Refining data (Data Refinery)

To refine data, you take it from one location, cleanse and shape it, and then load the result into a different location. You can cleanse and shape tabular data with a graphical flow editor tool called Data Refinery.

Service The Data Refinery service is not available by default. An administrator must install either the Watson Studio service or the Watson Knowledge Catalog service on the IBM Cloud Pak for Data platform. To determine whether the service is installed, open the Services catalog and check whether the Data Refinery service is enabled.

When you cleanse data, you fix or remove data that is incorrect, incomplete, improperly formatted, or duplicated. When you shape data, you customize it by filtering, sorting, combining or removing columns.

You create a Data Refinery flow as a set of ordered operations on data. Data Refinery includes a graphical interface to profile your data to validate it and over 20 customizable charts that give you insights into your data.

Required service
Watson Studio or Watson Knowledge Catalog

Data format Avro, CSV, JSON, Parquet, SAS with the "sas7bdat" extension (read only), TSV (read only), or delimited text data asset Tables in relational data sources

Data size Any. Data Refinery operates on a sample subset of rows in the data set. The sample size is 1 MB or 10,000 rows, whichever comes first. However, when you run a job for the Data Refinery flow, the entire data set is processed.

Prerequisites
Source file limitations
Target file limitations
Data set previews
Refine your data

Prerequisites

Before you can refine data, you need a project.

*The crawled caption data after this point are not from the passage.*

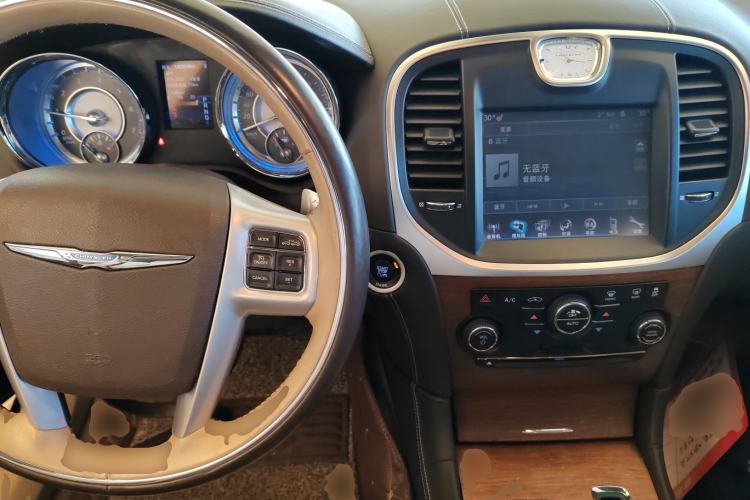 Used Chrysler 300C 2014 3.0L Excellence Edition Interior 2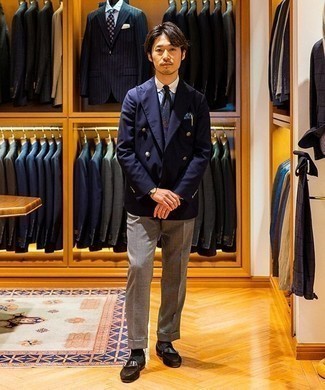 Wie blaues Sakko mit grauer Anzughose zu kombinieren – 500+ Herren Outfits: Kombinieren Sie ein blaues Sakko mit einer grauen Anzughose, um vor Klasse und Perfektion zu strotzen. Ergänzen Sie Ihr Look mit dunkelbraunen Wildleder Slippern.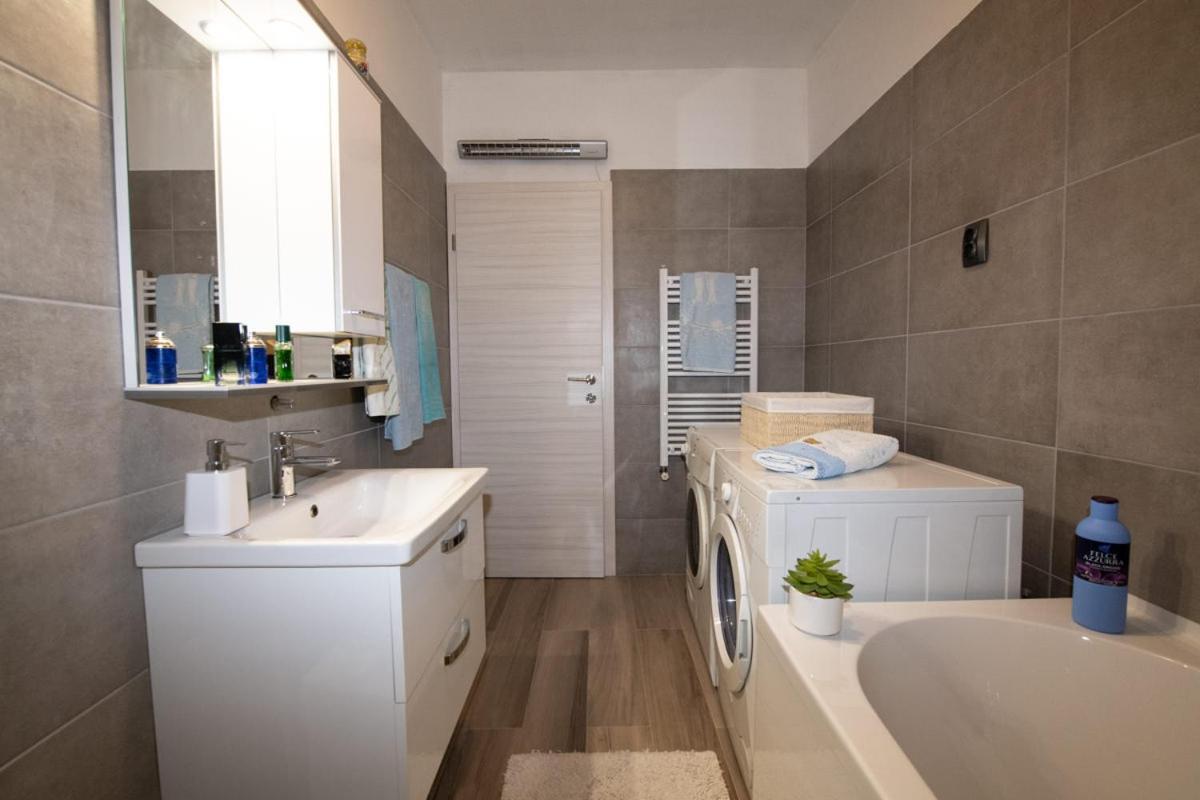 Apartman Elvis Lovran Bagian luar foto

If you have data in cloud or on-premises data sources, you'll need to add connections to those sources and you'll need to add data assets from each connection. If you want to be able to save refined data to cloud or on-premises data sources, create connections for this purpose as well. Source connections can be used only to read data; target connections can be used only to load (save) data. When you create a target connection, be sure to use credentials that have Write permission or you won't be able to save your Data Refinery flow output to the target.

Source file limitations

CSV files

Be sure that CSV files are correctly formatted and conform to the following rules:

Files can’t have some rows that end with null values and some columns that contain values that are enclosed in double quotation marks.
Two consecutive commas in a row indicate an empty column.
If a row ends with a comma, an additional column is created.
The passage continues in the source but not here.